Sankaran K
Am J Perinatol. 1984 Jan;1(2):114-7. doi: 10.1055/s-2007-999986.
Using noninvasive measurement of cranial blood flow, we previously demonstrated that full-term asphyxiated neonates have decreased cerebral perfusion that can persist up to 5 days of age. In an attempt to test their postischemic cerebrovascular CO2 reactivity, we measured cranial blood flow in ten asphyxiated term (39 +/- 0.8 weeks and 3078 K 400 gm) infants with and without inhaled carbon dioxide (3 percent). The end tidal CO2 (PaCO2) increased significantly, from 28.8 +/- 1.0 mm Hg to 32.3 +/- 2.0 mm Hg after CO2 inhalation (p less than 0.01), whereas the cranial blood flow showed no significant change (38.5 +/- 5.0 ml/min/100 gm brain weight to 37.6 +/- 6.0 ml/min/100 gm brain weight). We conclude that term infants with hypoxic-ischemic encephalopathy have low cranial blood flow at 3 days of age. Their cerebrovascular response to inhaled CO2 is variable and suggests some impairment.
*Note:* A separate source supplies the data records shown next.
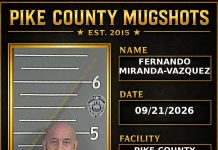 FERNANDO MIRANDA-VAZQUEZ Arrest Booking in Pike County Kentucky FERNANDO MIRANDA-VAZQUEZ Pike County Kentucky arrest booking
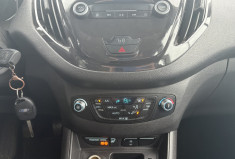 FORD Tourneo Courier 1.5 TDCI 100 BV6 S&S AMBIENTE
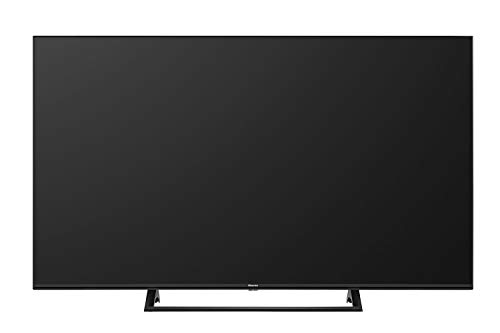 Hisense Uhd TV 2020 50A7300F - Smart TV Resolución 4K, Precision Colour, Escalado Uhd con Ia, Ultra Dimming, Audio Dts Virtual-X, Vidaa U 4.0, Compatible Alexa, Negro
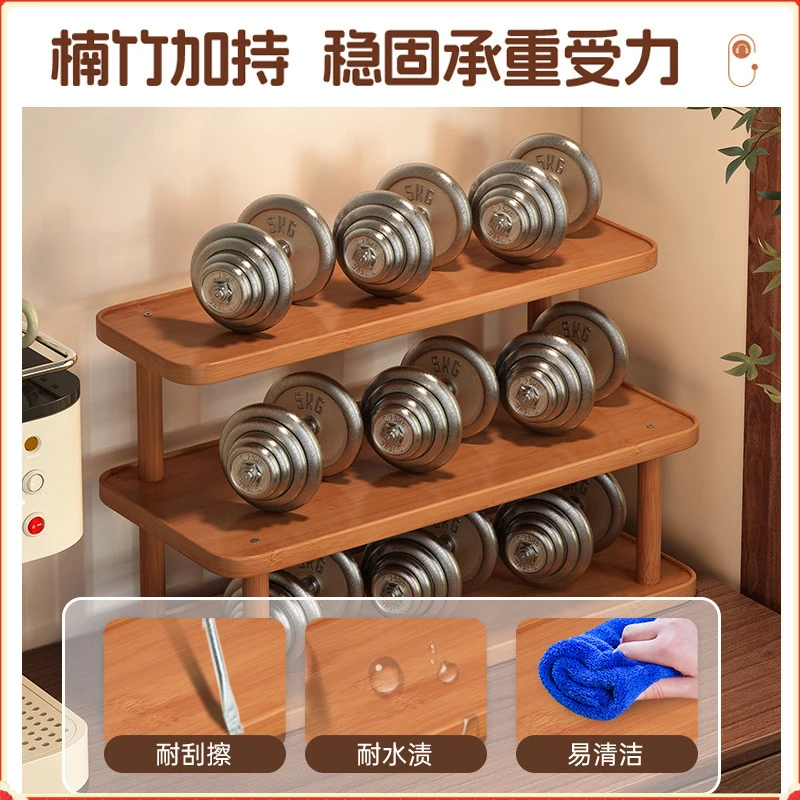 Soporte para tazas de café de  - Coffee Equipment Rack reseña y precio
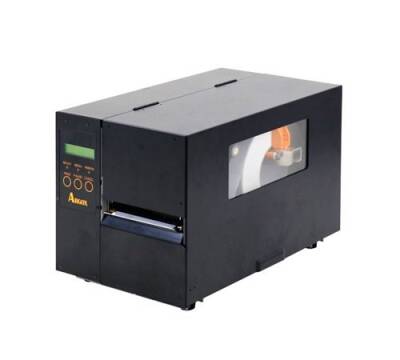 ARGOX OS-214 EX Thermal + Thermal Transfer Seri + Usb + Ethernet 76 mm/sn 203 dpi Barkod Yazıcı - 1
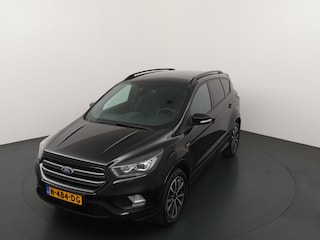 Ford Kuga 1.5 EcoBoost 150pk ST Line | Elekt. Trekhaak | 2.000kg trekgewicht!! | Winterpack | 1/2 leer | 19" LMV | PDC |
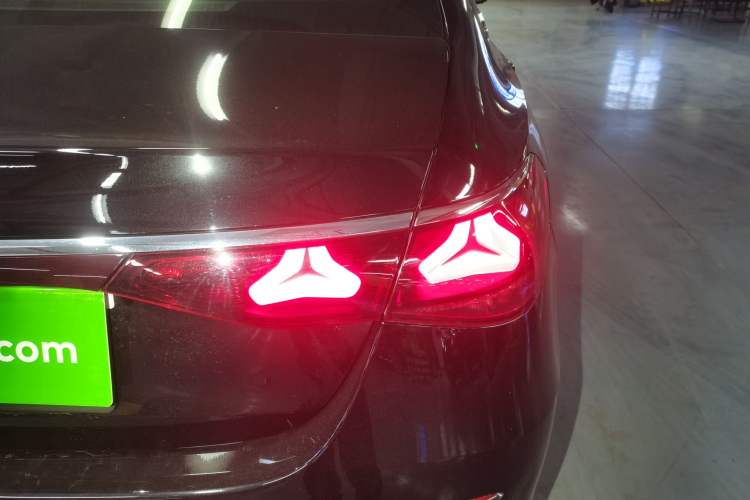 Used Mercedes-Benz E-Class 2024 E 300 L Luxury Model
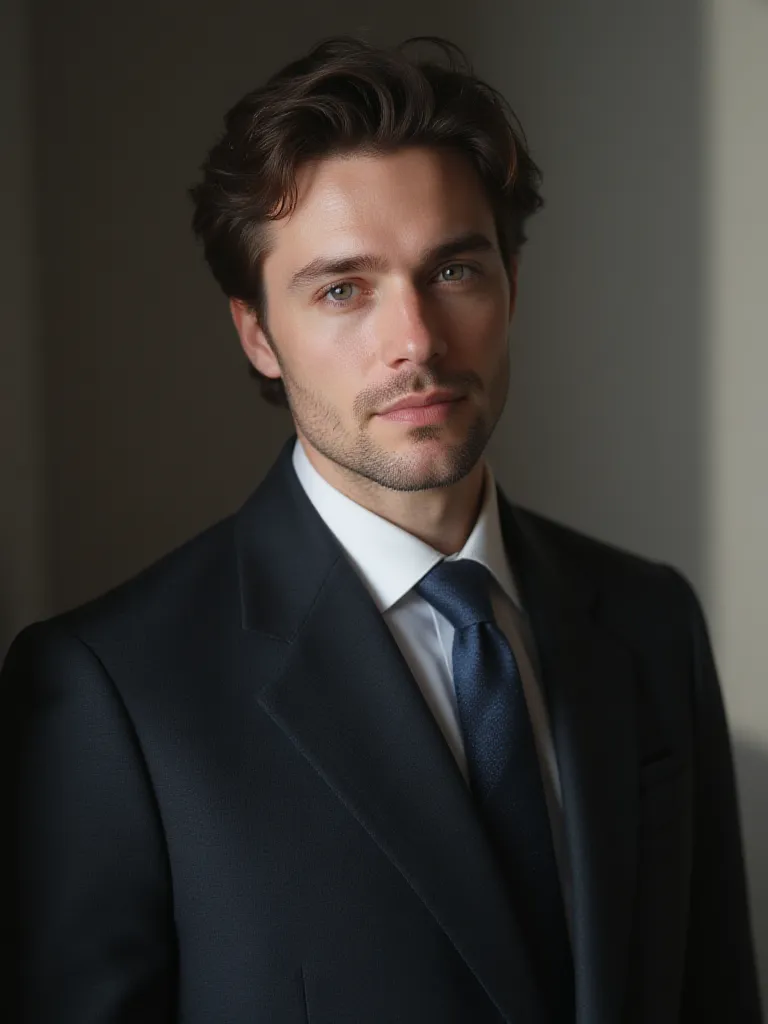 Thumbnail of Ethan Walker (Your boss — calm on the outside, hopelessly in love on the inside)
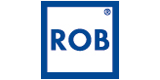 Das Logo von ROB GmbH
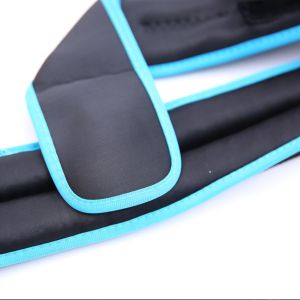 Buy cheap 8KG Free Weight Exercise Equipment SBR Gym Weight Lifting Belt from wholesalers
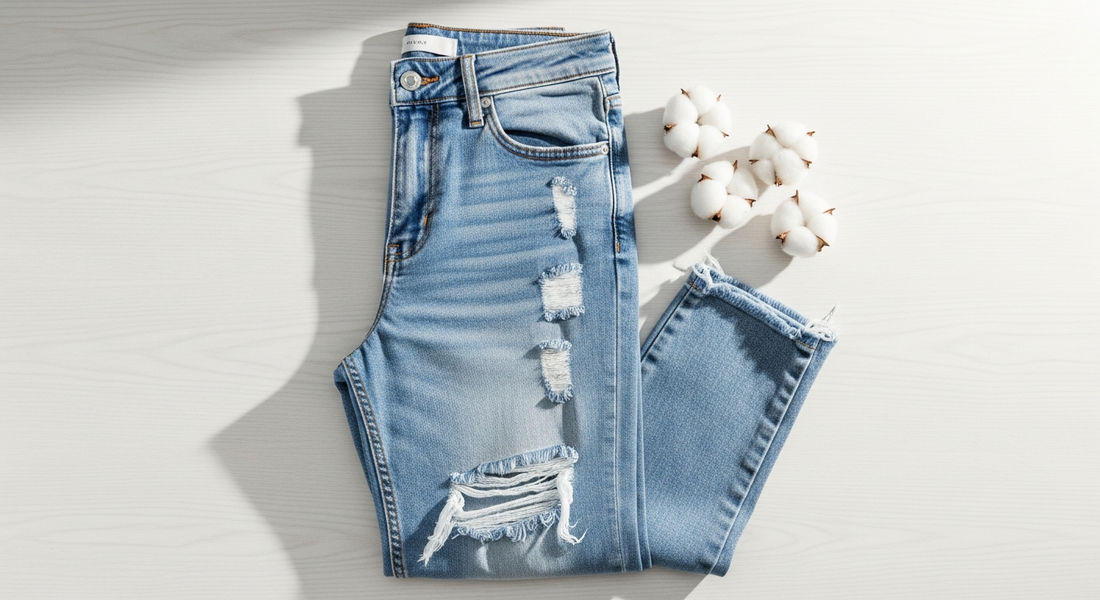 baggy clothing jeans - Day vs Night Slim Cropped Jeans: How to Style Your 2026 Wardrobe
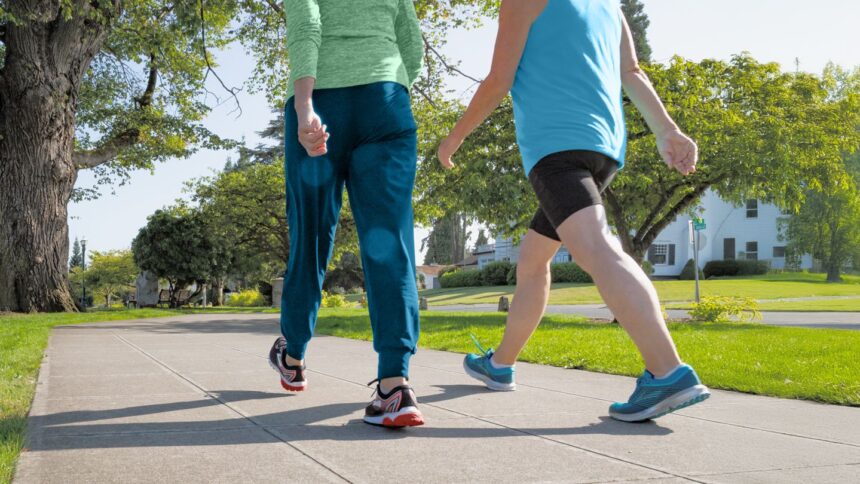 Can the 6-6-6 Challenge Get You Into the Walking Habit?
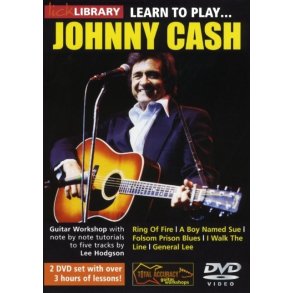 Lick Library: Learn To Play Johnny Cash
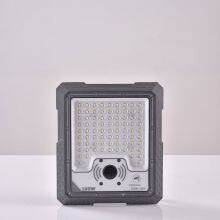 1000W Outdoor Waterproof LED Security Solar Floodlight With Aluminum Body Bright Solar Sign Board for Courtyard Garden Lighting thumbnail-3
我们之前通过无创测量颅血流量发现,足月窒息新生儿的脑灌注减少,这种情况可持续至出生后5天。为了测试他们缺血后脑血管对二氧化碳的反应性,我们测量了10名足月窒息(39±0.8周,体重3078±400克)婴儿吸入和未吸入二氧化碳(3%)时的颅血流量。吸入二氧化碳后,呼气末二氧化碳分压(PaCO2)显著升高,从28.8±1.0毫米汞柱升至32.3±2.0毫米汞柱(p<0.01),而颅血流量无显著变化(从38.5±5.0毫升/分钟/100克脑重变为37.6±6.0毫升/分钟/100克脑重)。我们得出结论,患有缺氧缺血性脑病的足月儿在3日龄时颅血流量较低。他们对吸入二氧化碳的脑血管反应存在差异,提示存在一定程度的损害。